When I hear the term “3-Day Music Festival,” usually the big ones in the big cities come to mind (Coachella, Lollapalooza, Austin City Limits) then I remember some of the less prominent ones that still draw significant crowds and impressive lineups (Bonnaroo, Outside Lands, Sasquatch). Sometimes, a few electronic fests come to mind as an afterthought (Ultra, Electric Daisy). This past weekend, I attended my second consecutive Fun Fun Fun Fest here in Austin. I think this festival still falls under the “best kept secret” category since tickets are easier to attain and the crowd is easier to manage, but over the past few years, the lineups have been outstanding and remarkably diverse. I suspect Fun Fun Fun will continue improving and will eventually develop into a heavyweight after a few more rounds. For now, I’ll cherish the affordable tickets, the shorter beer lines and cleaner porta potties that actually have toilet paper in them. Here are some highlights:
Best No-Brainer: RUN DMC
Obviously, RUN DMC was all the rage at this year’s Fun Fun Fun Fest; I’m sure you can imagine the crowd when the first three ticks of “Tricky” resounded through the speakers.
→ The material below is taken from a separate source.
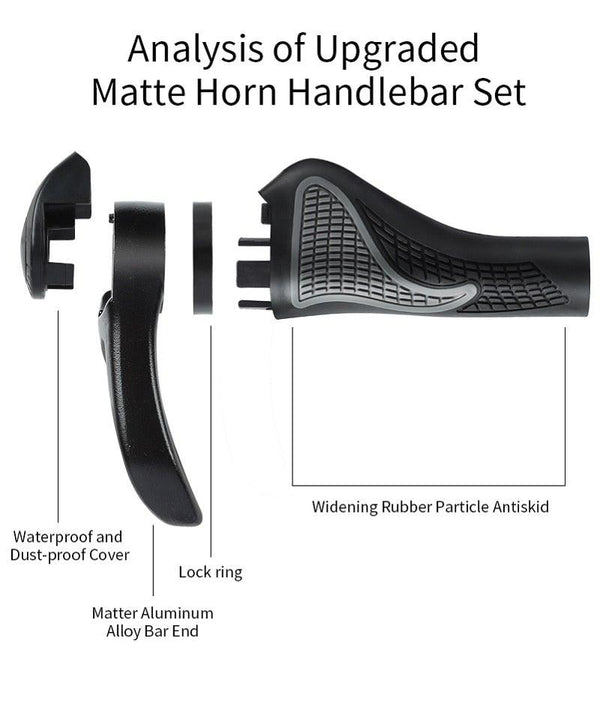 Bicycle Handlebar Grips Cycling Bicycle Accessories Non-Slip Bicycle Handlebar Grips Bike Handle Ergonomic Shockproof Bicycle Handle Grip With Adjustable Aluminum Lock For Mountain Bike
Playing their first show together in 13 years and headlining the first night of the festival, an item was crossed off my bucket list and a childhood dream was finally realized. RIP Jam Master Jay; you are missed, but not forgotten.
Funniest: Hannibal Burress
I was fortunate enough to see Hannibal Burress earlier this year at an intimate (and dingy) comedy club; though he recycled material from that show and his “Animal Furnace” album, he was no less original and definitely no less funny. I love how Fun Fun Fun features a comedy stage; it’s a unique way to keep your patrons entertained and amenable in the dusty heat (I know it’s November, but average temperature was above 80 every day and hipsters were definitely sweltering in their black skinny jeans and combat boots). I opted for tshirts, shorts and a handy bandana that shielded me from the Dust Bowl.
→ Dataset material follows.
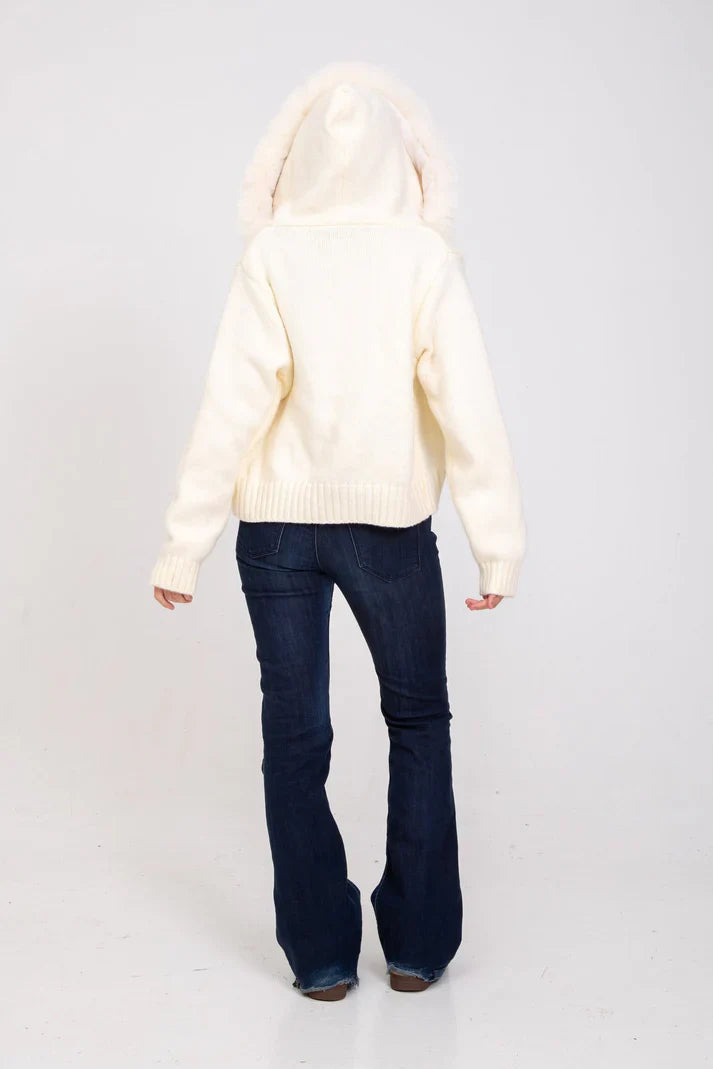 Cardigan Femme à Capuche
Most Entertaining: Nicky Da B
Though Nicky Da B had an early set time on the final day of the festival (approx. 2 pm), he and his crew took no prisoners and performed as if it were time to shut the club down on a typical weekend night (approx. 2 am). Equipped with high energy and erratic, relentless booty shaking, Nicky Da B gave me and my exhausted peers a much-needed jumpstart on Sunday afternoon. Plus, I’d argue that he rivals Girl Talk in terms of highly enthused fans who party with him on stage. Can you even spot him? More elusive than Where’s Waldo!
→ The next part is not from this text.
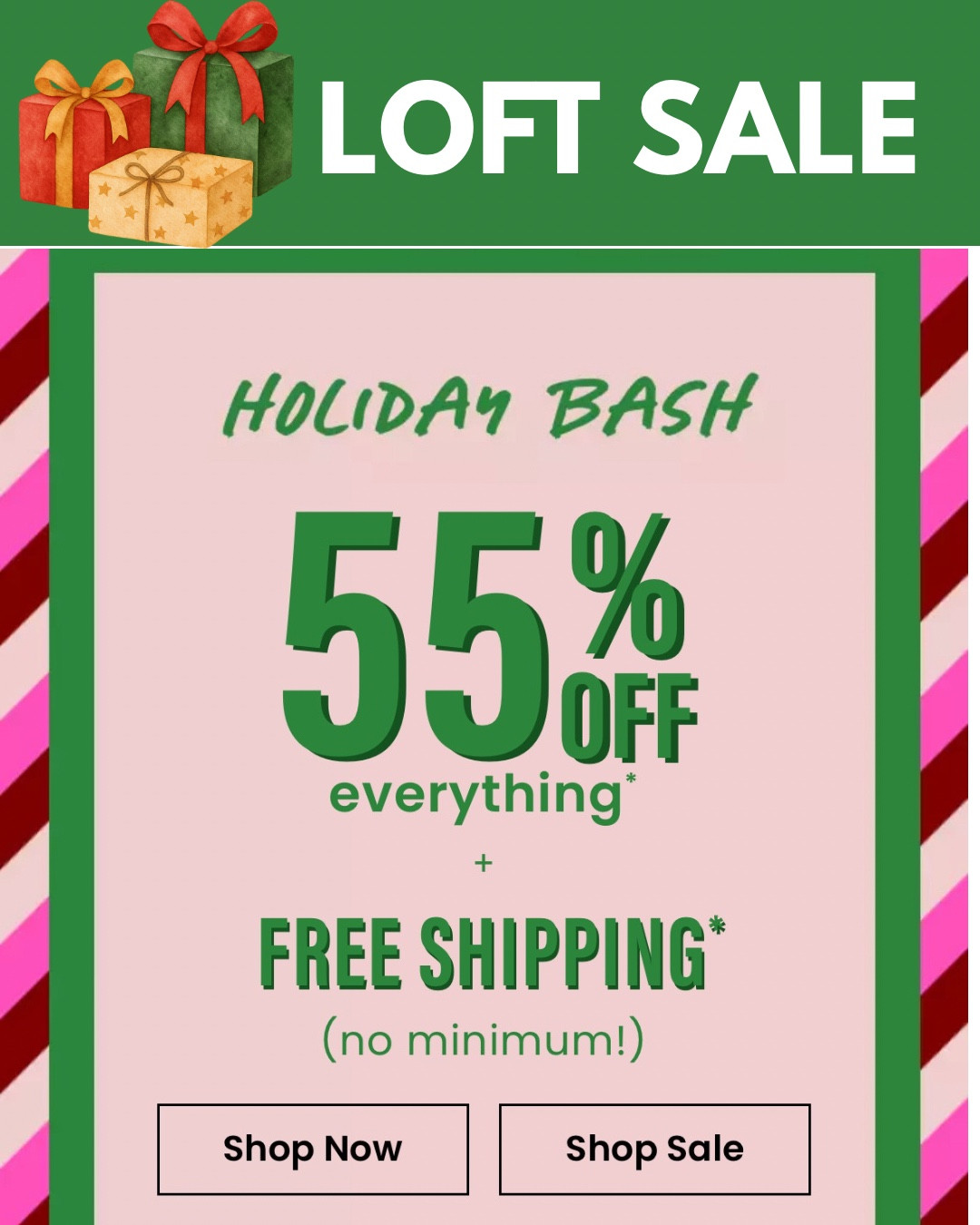 SALE at LOFT ‼️ SAVE 55% OFF Site Wide 🛍️  FREE SHIPPING on every order!!  Click any product photo to Shop + SAVE!! Would be so appreciated 😍 Spice up your Party Frocks to ring in the New Year 🎉🎊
Most Skilled Performer: Araabmuzik
I just can’t believe how lightning fast and deftly his fingers move. Every beat is precise and purposeful; as if he had an entire high school drumline at his fingertips. My friend Chris wisely commented, “I bet he’d be really good at that Bop It game.” Chris, I think you’re absolutely right.
Best Out of Body Experience: Explosions in the Sky
Being a long time fan of the band and Friday Night Lights, I can’t describe the thoughts going through my head and the stirrings in my stomach as Explosions in the Sky played a full hour of their magnificent catalog with the glowing Austin skyline as a backdrop. I listen to Explosions when I work, read and travel because it’s easier for me to focus on certain activities sans lyrics, but I also love unwinding and falling asleep to their worldless symphonies because they’re so epic and beautiful. Explosions in the Sky is one of the few bands I’d love to watch in a theater, a venue fit for a philharmonic with balcony seating and excellent acoustics. (Andrew Bird and Bon Iver also fit in this category, and yes, I’ve seen both in venues that fit that description).
Other Fun Fun Fun Fest highlights include:
A porta potty photo booth:
A commemorative pin:
Thanks Fun Fun Fun Fest. See ya next year!